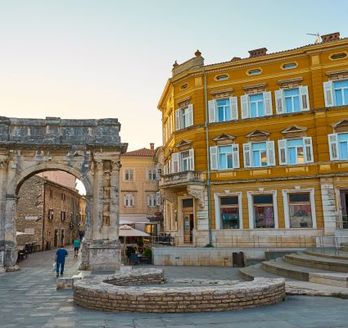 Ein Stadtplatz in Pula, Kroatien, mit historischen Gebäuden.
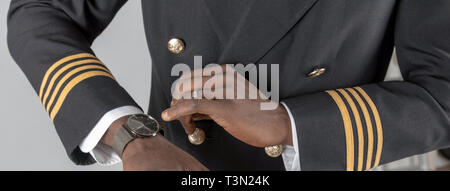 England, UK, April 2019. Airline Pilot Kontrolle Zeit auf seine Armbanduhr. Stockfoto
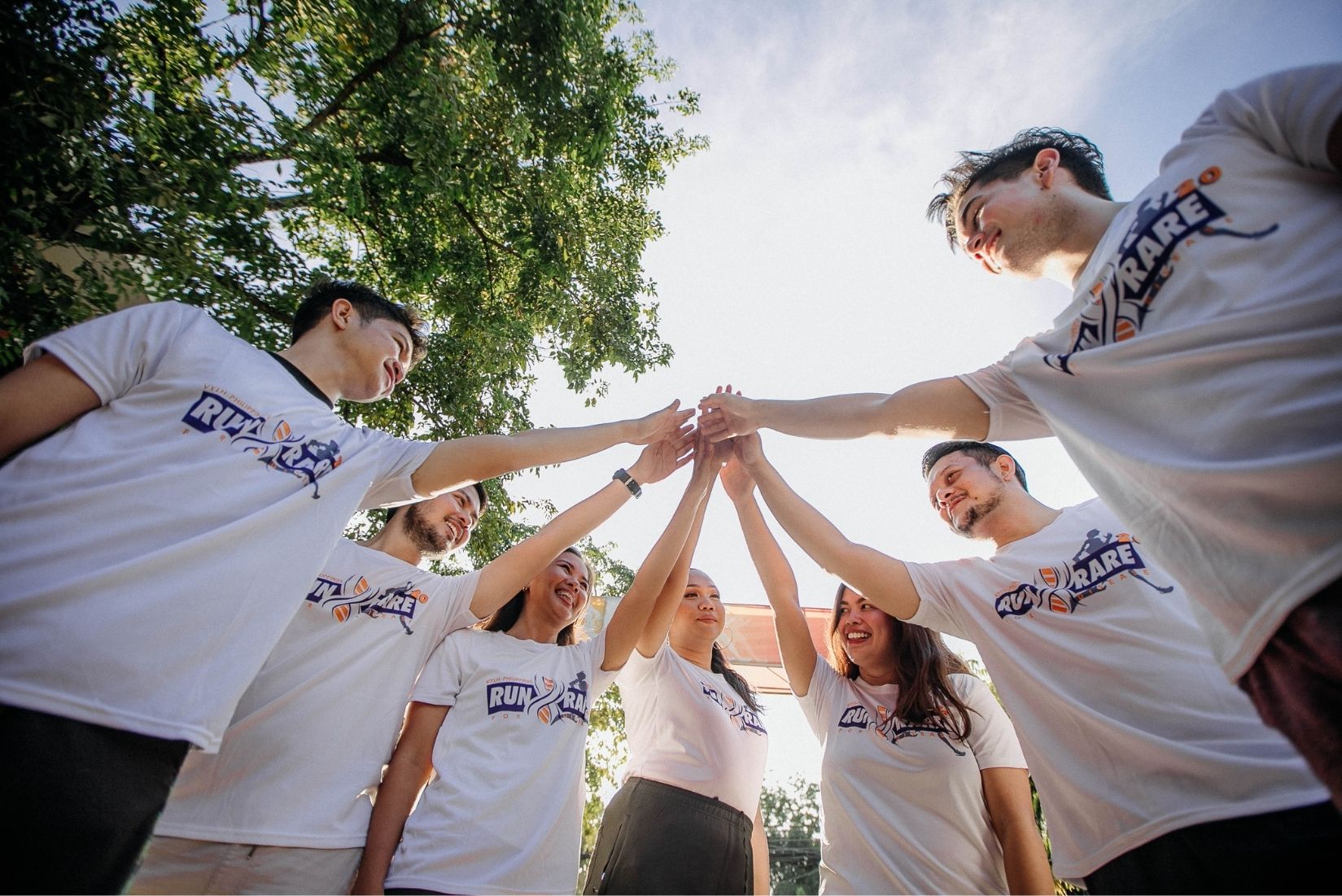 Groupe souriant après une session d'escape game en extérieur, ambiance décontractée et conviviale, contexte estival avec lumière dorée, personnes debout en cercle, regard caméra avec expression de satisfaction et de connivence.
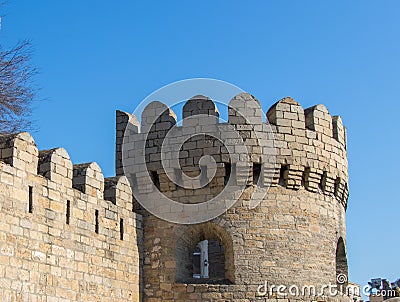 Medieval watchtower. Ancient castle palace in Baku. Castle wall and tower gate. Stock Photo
* * * * * * *
Exercise instructions: Only one thing is wanted here, an exact copy of the lines from the first line above through the line containing "England, UK, April", minus any picture.

Written response:
 Ein Stadtplatz in Pula, Kroatien, mit historischen Gebäuden.
 England, UK, April 2019. Airline Pilot Kontrolle Zeit auf seine Armbanduhr. Stockfoto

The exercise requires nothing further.